The Enterprise and Regulatory Reform Bill would “strengthen the framework for setting directors’ pay by introducing binding votes”. Under the proposals, shareholders would be able to vote down directors' pay they deemed excessive. Currently, they only have a non-binding vote on remuneration.
"The government will amend company law so that shareholder votes on big businesses' prospective remuneration plans for executives will be binding," said the BBC's business editor Robert Peston.
He added that Business Secretary Vince Cable had not yet decided on the voting threshold to force change. Cable told the BBC: "There is a lot of anger around at the way in which some executives, not all, are being paid way in excess of their company's performance, and investors - in many cases insurance companies and pension funds representing millions of people - are becoming more active. That's healthy, that's how this problem should be dealt with."
John Cridland, CBI Director-General, said: “Shareholder power is now being felt in the boardroom, and the government should be careful that new legislation supports accountability to shareholders but does not try to turn them into micro-managers.”
He added: “To be workable, the threshold for forward-looking binding votes should be a simple, straight majority and the plans to introduce binding votes on exit payments should be dropped.”
Audrey Williams, Partner at international law firm Eversheds, said: “Despite opposition from some business quarters, the government is to press ahead with proposals to increase shareholder power over pay, a sign that patience has run out with institutional investors taking control of this issue. How this will work in practice has not been elaborated upon today and will not be without practical difficulty. In principle, shareholders will be given new powers to hold company boards to account on executive pay; their degree of influence as yet undetermined but involves an ability to vote upon the directors’ remuneration report.”
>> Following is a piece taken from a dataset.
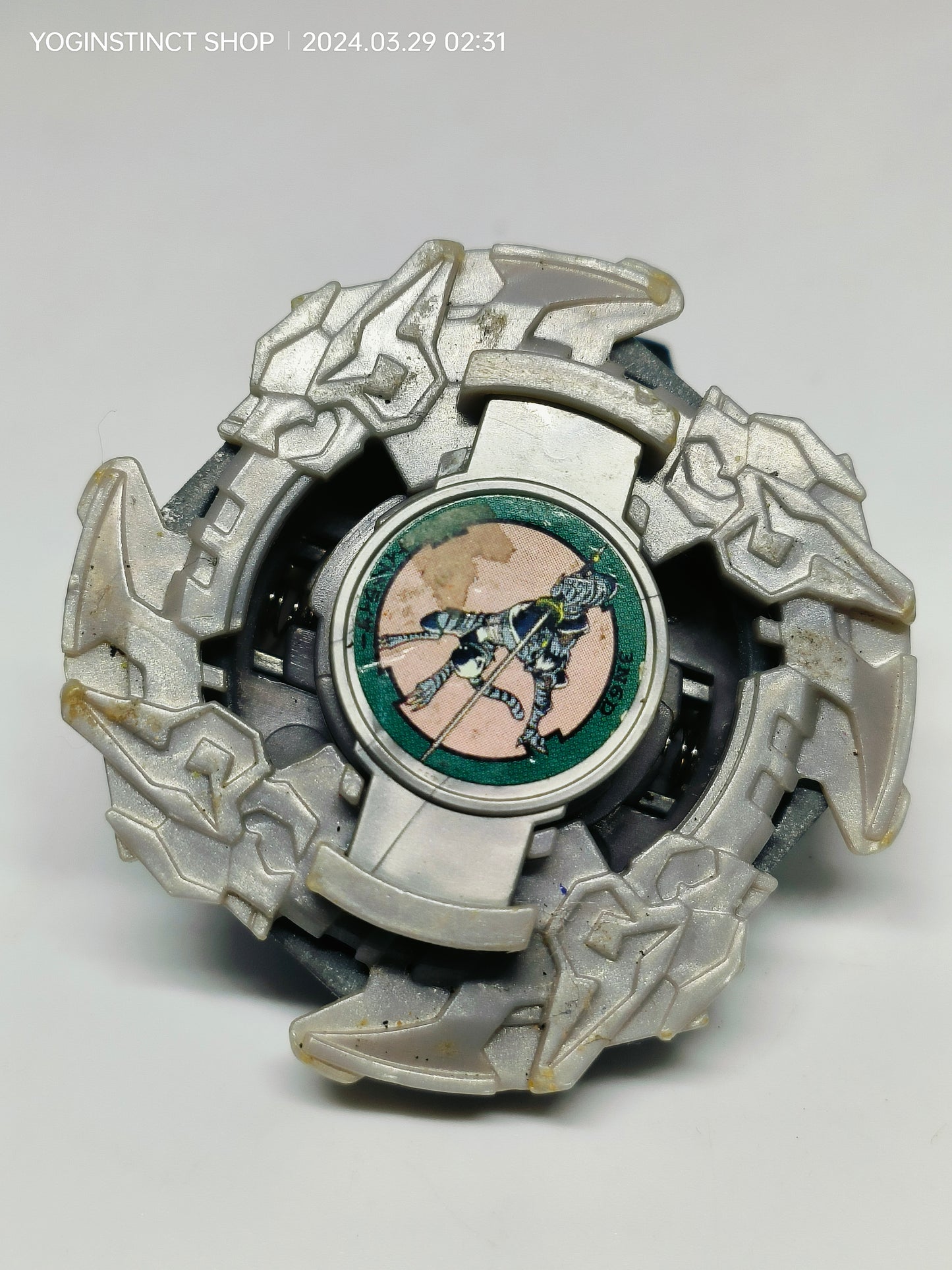 A-24 Driger F / Fang (E) - Takaratomy Beyblade: Shoot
She added: “Other, no less controversial proposals have received no specific mention today, such as the government’s aims to improve pay transparency and diversity on the boardroom. It remains to be seen if these will also be pursued in the forthcoming Enterprise and Regulatory Reform Bill but, as with the shareholder rights, for which we do now have clear commitment, the ‘devil will be in the detail’ and that detail will be keenly awaited in the coming weeks.”
Want to know more?
Full details of the Queen's Speech 2012 and information of other announcements and Bills is available at http://number10.cabinetoffice.gov.uk/engage/queens-speech-2012/
Update on the Regulation of Pay in Financial Services
Pay in the financial services sector continues to provide ample material for the media, with high-profile bank executives seemingly queuing up to waive their bonuses, whether out of a sense of honour or necessity. Generally bankers’ bonuses, af...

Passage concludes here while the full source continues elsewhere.